Many examples have been given for both intersteller and insystem applications for astrogator. You might not like them, but they exist, and I think most people will find them compelling.

As with Gun Combat, you need to know where the target is to decide if the shooter can even shoot at the target. Does this make it impossible to use the skill? Is this a problem for the skill's very existence? In my view, it is not. The referee can decide where the target is, or figure out based on the target's last known position and movement where it is, and either using a map and checking sight lines. If theater of the mind is used, consistency might be a problem, but referees in my experience are mostly up to the challenge.

Same with jumping. I recommend just making a roll for line of sight on the first occasion, and if the issue arises again in the same system, make sure you give an answer which makes sense given the movement of the planets in-between times. If you really want to dive in, use Universe Sandbox, but for most referees, most of the time a guestimate will do the trick. Precise locations for planets can be given, if you want to go to the trouble, but 99% of the time it is just as good to wing it. This doesn't mean it is not important: if the referee rolls that you will need to fly out to get a line of sight on your target star outside jump shadow, it might be the opportunity the pirates need to jump you. It just means that an approximate answer, given on the fly, will work just as well - as with a theater of the mind gunshot, the effect is still still there. You don't need to calculate the orbital dynamics to know that planets will circle around their star quickly if they are in close, and slowly if they are out far. (and this problem is not the fault of Astrogation skill, or of jump shadows: you still have this issue if you want to fly your spaceship from one planet to another. This is a space opera type game: flying spaceships around is baked-in, and the issue of knowing where planets are arises, jump shadow or no)

Why even bother with any of this? Space travel and jump space need rules so that we know how they work in game terms, and electroplating from the basic principles is needed to apply them to specific situations. Players will try to figure out solutions to the problems you present them, and to do that they need understand how their environment works. These things add to game play because they create potential problems and strategies to solve them, and shape a terrain on which spacecraft move. Things could be done differently, such as not having jump shadows, but then that creates a whole different terrain and different set of problems and solutions, which are not developed at all in the canon.
 
IMHO, the game worked fine for decades with jump shadows only affecting arrival and departure, not transit. Same thing with your thrusters not turning off around Saturn. These don't strike me as innovations that make the game better. Maybe if they supported it with robust systems, it might be different.

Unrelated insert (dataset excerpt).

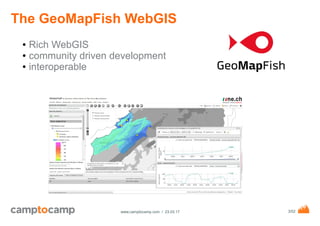 GeoMapFish, the Open Source WebGIS | PDF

I agree that players will attempt to solve problems you present to them. But they have to have the tools to solve it (or, better yet, anticipate it) themselves or it doesn't matter. You seem to think that groups that are not primarily astrophysics hobbyists will just 'wing it' around how to use Astrogation and space travel issues in an interesting way. I suspect that, absent any guidance in the rules, they'll just ignore it.
 
And just to be clear, my original comment on jump masking was in reference to the previous conversation about jump transit. I am not in any way, shape, or form advocating for eliminating jump shadows for entry or exit of jumpspace. I'm just saying that the 'electroplating' of those rules into something that lets real world objects knock ships out of jumpspace was not a good addition to the game.

Which I am not even sure is explicitly stated anywhere in Mongoose Traveller, actually.
 
IMHO, the game worked fine for decades with jump shadows only affecting arrival and departure, not transit. Same thing with your thrusters not turning off around Saturn. These don't strike me as innovations that make the game better. Maybe if they supported it with robust systems, it might be different.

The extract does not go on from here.